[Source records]
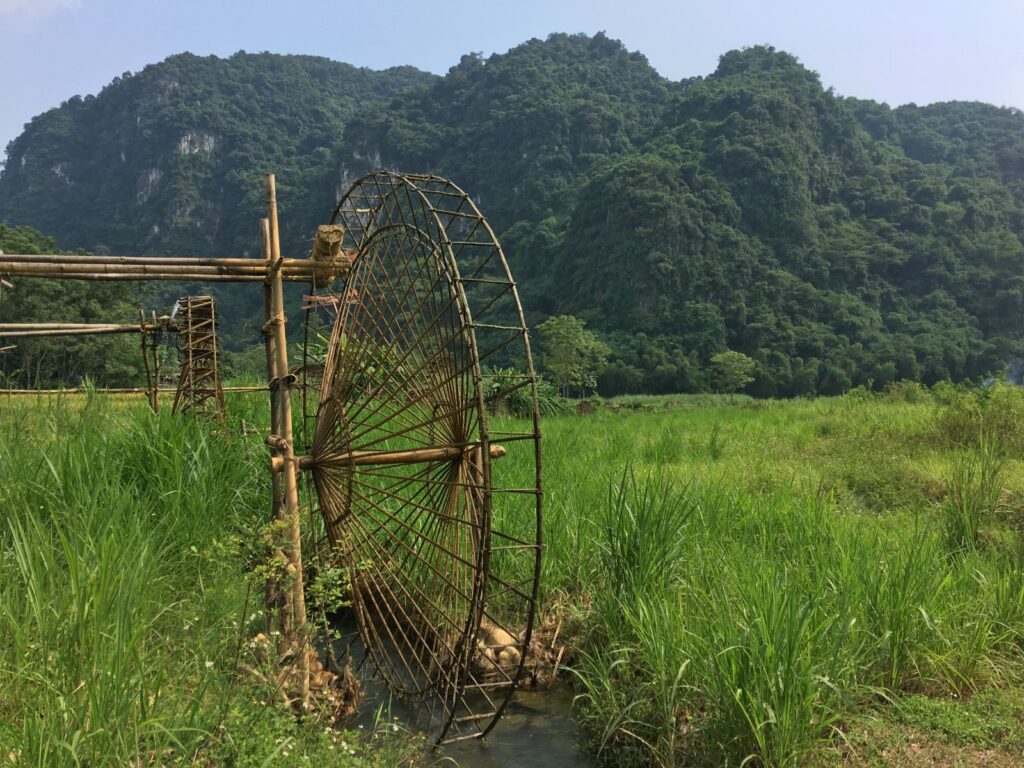 Into the Wild Pu Luong: 3-Day Trekking Escape Through Nature & Culture
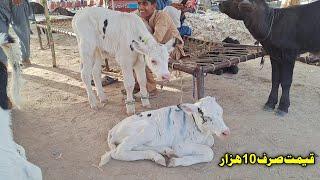 Today Female Australian Fresian Little Cow Babies At Malomore Mandi Jhang 2023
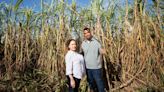 At this Louisiana Farm, Activism, Family, and Food Form the Sweetest Harvest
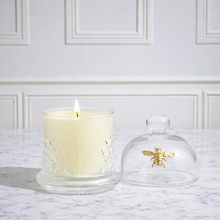 Load image into Gallery viewer, Royal Extract Dome Duo Candle Set
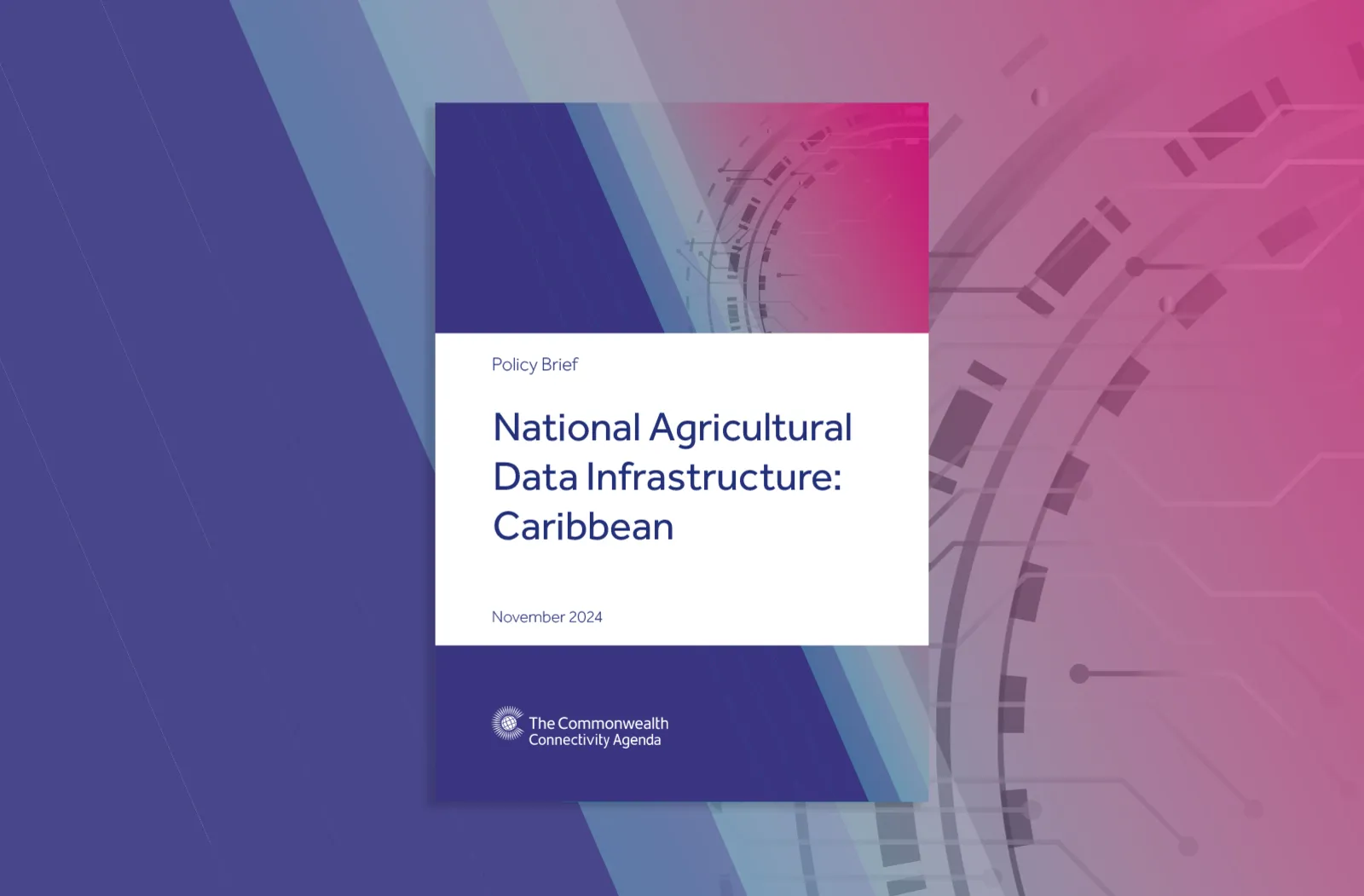 Cover image of CCA Policy Brief - Caribbean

■ TASK TO CARRY OUT
Give again, word for word, only the lines from the line containing "Load image into" through the last line above, both included; leave the pictures out.

■ FINAL ANSWER
 Load image into Gallery viewer, Royal Extract Dome Duo Candle Set
 Cover image of CCA Policy Brief - Caribbean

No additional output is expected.